Among the entries below, one stretch runs from the line that contains "Clarks Glick Ladies" through the line that contains "Starbucks Whole Bean". Repeat that stretch exactly, ends included, and only that.

_RECORDS FOR THE EXERCISE_
%%

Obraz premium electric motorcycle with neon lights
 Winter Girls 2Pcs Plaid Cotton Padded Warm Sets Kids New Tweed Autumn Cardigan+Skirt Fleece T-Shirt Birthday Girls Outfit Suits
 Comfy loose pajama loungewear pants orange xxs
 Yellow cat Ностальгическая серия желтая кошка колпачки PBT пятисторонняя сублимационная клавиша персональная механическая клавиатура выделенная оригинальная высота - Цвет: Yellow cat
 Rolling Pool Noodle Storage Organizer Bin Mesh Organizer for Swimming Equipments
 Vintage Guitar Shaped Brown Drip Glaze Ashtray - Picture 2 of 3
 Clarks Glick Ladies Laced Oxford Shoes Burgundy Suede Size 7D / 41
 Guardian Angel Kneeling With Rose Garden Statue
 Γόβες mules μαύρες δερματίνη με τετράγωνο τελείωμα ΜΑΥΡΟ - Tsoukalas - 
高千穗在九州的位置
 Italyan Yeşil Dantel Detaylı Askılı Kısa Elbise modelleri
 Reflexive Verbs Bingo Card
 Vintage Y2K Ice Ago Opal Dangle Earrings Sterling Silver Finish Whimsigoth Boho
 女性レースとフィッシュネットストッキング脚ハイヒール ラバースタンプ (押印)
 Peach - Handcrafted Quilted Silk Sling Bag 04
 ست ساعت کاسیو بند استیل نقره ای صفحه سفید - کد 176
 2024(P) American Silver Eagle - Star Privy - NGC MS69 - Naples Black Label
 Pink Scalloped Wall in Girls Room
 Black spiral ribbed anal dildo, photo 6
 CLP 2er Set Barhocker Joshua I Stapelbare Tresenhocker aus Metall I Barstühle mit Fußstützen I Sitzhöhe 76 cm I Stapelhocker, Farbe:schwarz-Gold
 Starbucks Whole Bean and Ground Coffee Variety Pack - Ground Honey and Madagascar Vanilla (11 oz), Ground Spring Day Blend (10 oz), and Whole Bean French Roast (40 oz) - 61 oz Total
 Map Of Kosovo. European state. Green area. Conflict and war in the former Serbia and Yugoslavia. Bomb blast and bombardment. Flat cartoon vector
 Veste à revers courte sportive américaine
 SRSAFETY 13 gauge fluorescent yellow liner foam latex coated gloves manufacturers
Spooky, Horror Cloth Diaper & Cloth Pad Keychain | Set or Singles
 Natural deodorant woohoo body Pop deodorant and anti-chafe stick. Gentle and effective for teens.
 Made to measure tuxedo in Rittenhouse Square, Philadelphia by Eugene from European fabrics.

%%

_WRITTEN RESPONSE_
 Clarks Glick Ladies Laced Oxford Shoes Burgundy Suede Size 7D / 41
 Guardian Angel Kneeling With Rose Garden Statue
 Γόβες mules μαύρες δερματίνη με τετράγωνο τελείωμα ΜΑΥΡΟ - Tsoukalas - 
高千穗在九州的位置
 Italyan Yeşil Dantel Detaylı Askılı Kısa Elbise modelleri
 Reflexive Verbs Bingo Card
 Vintage Y2K Ice Ago Opal Dangle Earrings Sterling Silver Finish Whimsigoth Boho
 女性レースとフィッシュネットストッキング脚ハイヒール ラバースタンプ (押印)
 Peach - Handcrafted Quilted Silk Sling Bag 04
 ست ساعت کاسیو بند استیل نقره ای صفحه سفید - کد 176
 2024(P) American Silver Eagle - Star Privy - NGC MS69 - Naples Black Label
 Pink Scalloped Wall in Girls Room
 Black spiral ribbed anal dildo, photo 6
 CLP 2er Set Barhocker Joshua I Stapelbare Tresenhocker aus Metall I Barstühle mit Fußstützen I Sitzhöhe 76 cm I Stapelhocker, Farbe:schwarz-Gold
 Starbucks Whole Bean and Ground Coffee Variety Pack - Ground Honey and Madagascar Vanilla (11 oz), Ground Spring Day Blend (10 oz), and Whole Bean French Roast (40 oz) - 61 oz Total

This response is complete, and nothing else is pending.